The diverse street markets in Hong Kong are not to be missed. One of the markets we visited was Yuen Po Street Bird Market as I have a huge love of our feathered friends. This market was captivating and horrifying at the same time. In essence, it was a high rise city of birds. Cages and cages of beautiful birds were piled high on top of one another next to stalls selling gauze bags of live, writhing insects. I suppose there’s nothing like fresh food to eat! At the same time, groups of men gathered at the edges of this market to show off their birds in ornate wooden cages. Another market experience not to be missed is Bowrington Road in Wanchai. This is full of live fish produce complete with macabre string tied parcels of live crabs arranged in neat rows. As a westerner, I’m used to buying dead vacuum packed ingredients for my dinner and I struggled with the honesty of buying super fresh food to eat. Aside from the gruesome purchases, I found the markets to be one of the most fascinating experiences of our time in Hong Kong.

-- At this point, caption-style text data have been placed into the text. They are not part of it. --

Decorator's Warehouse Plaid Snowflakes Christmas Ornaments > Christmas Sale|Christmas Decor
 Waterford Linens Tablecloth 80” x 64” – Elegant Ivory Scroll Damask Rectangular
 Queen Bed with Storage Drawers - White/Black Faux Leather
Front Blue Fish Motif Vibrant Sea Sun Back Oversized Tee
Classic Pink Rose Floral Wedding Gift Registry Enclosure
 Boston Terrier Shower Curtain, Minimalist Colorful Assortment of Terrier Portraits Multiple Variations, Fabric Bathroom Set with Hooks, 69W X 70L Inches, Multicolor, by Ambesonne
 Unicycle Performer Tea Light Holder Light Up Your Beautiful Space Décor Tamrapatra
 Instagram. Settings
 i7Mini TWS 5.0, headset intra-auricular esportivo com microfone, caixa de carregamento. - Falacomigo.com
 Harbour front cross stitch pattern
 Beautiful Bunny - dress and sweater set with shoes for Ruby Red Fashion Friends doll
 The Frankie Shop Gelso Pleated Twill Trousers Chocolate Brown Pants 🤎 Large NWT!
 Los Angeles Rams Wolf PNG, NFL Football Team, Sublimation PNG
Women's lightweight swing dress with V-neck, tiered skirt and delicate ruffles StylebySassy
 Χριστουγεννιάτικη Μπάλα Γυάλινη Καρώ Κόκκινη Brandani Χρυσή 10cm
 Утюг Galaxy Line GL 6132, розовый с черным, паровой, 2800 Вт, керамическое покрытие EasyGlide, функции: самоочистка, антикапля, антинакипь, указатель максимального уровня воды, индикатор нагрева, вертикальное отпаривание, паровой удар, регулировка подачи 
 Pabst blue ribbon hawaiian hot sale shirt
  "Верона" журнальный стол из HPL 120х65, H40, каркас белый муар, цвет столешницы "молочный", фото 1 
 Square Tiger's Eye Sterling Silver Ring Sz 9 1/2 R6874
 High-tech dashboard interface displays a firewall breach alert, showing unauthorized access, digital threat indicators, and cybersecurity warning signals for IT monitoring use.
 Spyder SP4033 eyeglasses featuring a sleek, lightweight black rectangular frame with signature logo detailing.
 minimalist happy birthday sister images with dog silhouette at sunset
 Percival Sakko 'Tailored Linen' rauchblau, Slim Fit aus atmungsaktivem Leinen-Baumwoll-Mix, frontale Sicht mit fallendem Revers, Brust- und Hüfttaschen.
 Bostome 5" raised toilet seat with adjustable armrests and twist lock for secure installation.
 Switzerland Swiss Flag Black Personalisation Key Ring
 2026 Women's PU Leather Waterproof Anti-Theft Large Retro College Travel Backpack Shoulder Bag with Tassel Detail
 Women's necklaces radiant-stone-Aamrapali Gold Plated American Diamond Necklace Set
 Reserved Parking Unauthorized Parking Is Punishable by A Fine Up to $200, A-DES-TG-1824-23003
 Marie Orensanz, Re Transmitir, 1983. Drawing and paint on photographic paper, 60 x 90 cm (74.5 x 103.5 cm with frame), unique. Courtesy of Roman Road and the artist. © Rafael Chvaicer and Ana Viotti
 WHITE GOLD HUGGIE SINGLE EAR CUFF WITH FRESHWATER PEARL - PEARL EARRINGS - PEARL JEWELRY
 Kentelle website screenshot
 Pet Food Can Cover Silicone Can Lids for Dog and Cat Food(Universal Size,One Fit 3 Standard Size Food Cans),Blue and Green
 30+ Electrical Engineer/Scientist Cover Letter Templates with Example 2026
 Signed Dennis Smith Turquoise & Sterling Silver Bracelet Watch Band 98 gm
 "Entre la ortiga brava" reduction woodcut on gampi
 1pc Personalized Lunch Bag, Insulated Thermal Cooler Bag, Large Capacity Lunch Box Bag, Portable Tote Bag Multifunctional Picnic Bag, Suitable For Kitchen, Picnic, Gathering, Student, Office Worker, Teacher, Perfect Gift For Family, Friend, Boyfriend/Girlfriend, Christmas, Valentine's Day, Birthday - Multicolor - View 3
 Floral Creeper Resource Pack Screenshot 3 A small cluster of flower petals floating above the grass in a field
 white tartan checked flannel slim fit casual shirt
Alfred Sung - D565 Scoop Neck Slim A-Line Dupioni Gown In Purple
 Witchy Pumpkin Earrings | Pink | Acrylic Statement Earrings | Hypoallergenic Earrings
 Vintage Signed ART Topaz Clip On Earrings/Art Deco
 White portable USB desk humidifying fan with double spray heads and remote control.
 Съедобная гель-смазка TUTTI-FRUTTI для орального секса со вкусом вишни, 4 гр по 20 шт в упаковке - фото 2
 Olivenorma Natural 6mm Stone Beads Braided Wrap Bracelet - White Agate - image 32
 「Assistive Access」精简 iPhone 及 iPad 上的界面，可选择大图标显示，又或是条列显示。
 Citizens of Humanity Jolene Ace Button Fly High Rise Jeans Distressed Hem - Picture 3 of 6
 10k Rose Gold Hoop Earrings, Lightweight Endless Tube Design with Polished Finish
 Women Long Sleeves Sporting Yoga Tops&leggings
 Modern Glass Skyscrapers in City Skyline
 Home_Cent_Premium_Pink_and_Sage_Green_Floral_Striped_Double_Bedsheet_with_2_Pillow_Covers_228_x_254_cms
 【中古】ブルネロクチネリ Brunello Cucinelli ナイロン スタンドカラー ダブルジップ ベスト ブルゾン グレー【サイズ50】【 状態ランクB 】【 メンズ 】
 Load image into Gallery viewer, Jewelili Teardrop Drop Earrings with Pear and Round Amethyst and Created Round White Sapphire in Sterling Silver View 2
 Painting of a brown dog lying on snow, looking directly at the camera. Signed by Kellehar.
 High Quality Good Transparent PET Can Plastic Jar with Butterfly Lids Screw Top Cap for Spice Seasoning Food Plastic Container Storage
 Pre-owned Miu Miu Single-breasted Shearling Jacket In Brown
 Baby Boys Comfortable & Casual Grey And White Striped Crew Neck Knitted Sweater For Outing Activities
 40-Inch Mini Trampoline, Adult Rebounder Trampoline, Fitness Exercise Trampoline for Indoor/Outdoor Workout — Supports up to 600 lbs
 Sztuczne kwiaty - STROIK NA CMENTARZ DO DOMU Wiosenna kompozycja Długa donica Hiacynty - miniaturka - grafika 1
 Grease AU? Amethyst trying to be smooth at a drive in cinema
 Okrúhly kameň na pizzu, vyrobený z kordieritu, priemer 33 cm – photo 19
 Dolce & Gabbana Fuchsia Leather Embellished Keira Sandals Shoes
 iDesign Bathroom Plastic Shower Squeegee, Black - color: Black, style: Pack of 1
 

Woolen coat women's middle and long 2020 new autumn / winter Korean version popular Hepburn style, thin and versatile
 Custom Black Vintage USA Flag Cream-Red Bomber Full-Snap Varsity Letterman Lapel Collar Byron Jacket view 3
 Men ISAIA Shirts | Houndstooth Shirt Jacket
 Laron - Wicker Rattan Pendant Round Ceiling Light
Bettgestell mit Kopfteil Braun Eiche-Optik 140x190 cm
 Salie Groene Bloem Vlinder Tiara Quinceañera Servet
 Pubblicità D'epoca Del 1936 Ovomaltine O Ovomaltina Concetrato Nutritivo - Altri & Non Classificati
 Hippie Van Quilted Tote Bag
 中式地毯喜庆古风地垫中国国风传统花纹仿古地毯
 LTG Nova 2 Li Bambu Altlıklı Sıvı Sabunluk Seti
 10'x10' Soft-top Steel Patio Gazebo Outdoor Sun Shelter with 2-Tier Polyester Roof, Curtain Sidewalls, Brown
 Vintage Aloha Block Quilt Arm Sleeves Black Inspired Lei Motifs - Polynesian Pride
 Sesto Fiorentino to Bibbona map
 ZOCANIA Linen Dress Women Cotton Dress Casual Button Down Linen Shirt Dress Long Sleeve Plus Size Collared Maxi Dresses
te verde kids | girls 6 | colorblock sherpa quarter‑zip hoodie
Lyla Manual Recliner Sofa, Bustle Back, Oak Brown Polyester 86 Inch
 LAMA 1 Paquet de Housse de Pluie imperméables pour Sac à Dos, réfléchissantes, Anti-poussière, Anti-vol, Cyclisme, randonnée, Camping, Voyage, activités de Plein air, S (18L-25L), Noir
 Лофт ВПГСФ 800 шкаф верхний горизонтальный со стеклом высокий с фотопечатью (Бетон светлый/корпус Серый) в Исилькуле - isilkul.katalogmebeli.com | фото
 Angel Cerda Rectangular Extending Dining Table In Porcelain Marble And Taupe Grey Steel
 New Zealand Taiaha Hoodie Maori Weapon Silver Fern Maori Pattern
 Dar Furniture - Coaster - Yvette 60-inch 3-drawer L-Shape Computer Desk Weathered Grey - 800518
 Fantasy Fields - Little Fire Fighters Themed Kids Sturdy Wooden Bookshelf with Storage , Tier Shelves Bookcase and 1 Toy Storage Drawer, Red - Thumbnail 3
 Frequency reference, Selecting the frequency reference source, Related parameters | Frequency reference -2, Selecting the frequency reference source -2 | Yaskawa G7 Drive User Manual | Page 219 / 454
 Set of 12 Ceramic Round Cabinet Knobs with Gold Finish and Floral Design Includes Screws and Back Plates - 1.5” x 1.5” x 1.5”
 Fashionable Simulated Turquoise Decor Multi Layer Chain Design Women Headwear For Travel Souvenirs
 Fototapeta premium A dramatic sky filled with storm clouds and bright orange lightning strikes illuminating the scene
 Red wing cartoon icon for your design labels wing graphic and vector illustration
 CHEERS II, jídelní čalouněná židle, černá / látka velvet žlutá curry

Lan Kwai Fong in Central on Hong Kong Island was the venue for the best Halloween party we’ve ever been to. The area is a well-known place for partying and eating out and it didn’t disappoint. I absolutely love Halloween and was really excited to find out about this event. We made a token effort to dress up buying hats and having our make-up done – not realising just how big this event was going to be. It was huge, to the point where the police cordoned off the area to aid crowd control. We had such a great time and met people from Ecuador to Nepal.  I can honestly say that I have never had my photograph taken so many times on one night, the plentiful beer certainly helped to get me in the mood for ghoulish poses! If you love Halloween this should be high on your list of places to visit.

On our only rainy day we decided to visit The Hong Kong Museum of Art in Tsim Sha Tsui. This vast museum is situated in a prime waterfront location near to the popular Avenue of Stars. At night, the views of the Symphony of Lights are spectacular from here. Our favourite galleries by far were entitled “Cruising the Universe: Fantastic Animals in the Arts of China” and “Gems of Chinese Ceramics from the Hong Kong Museum of Art”. Short snappy titles are obviously not the norm here! These exhibitions featured a fabulous range of artefacts ranging from tomb guardians and beast shaped urinals to an exquisite ceramic pillow in the form of a tiger.

After the museum we took the metro to Shek Kip Mei to see the JockeyClub Creative Arts Centre (JCCAC). This centre was once a factory building housing small cottage industries. The building has been renovated and is now home to various artists and arts organisations. It is a hub of creative activity and arts festivals, exhibitions and performances are regularly held there. For me, it was interesting to see creative practice at work in another country. I’d love a studio space here!

Hong Kong is amazing. We were both really sad to board the plane home. I loved soaking up all the different sights and sounds and hope that it will provide inspiration for a new body of work.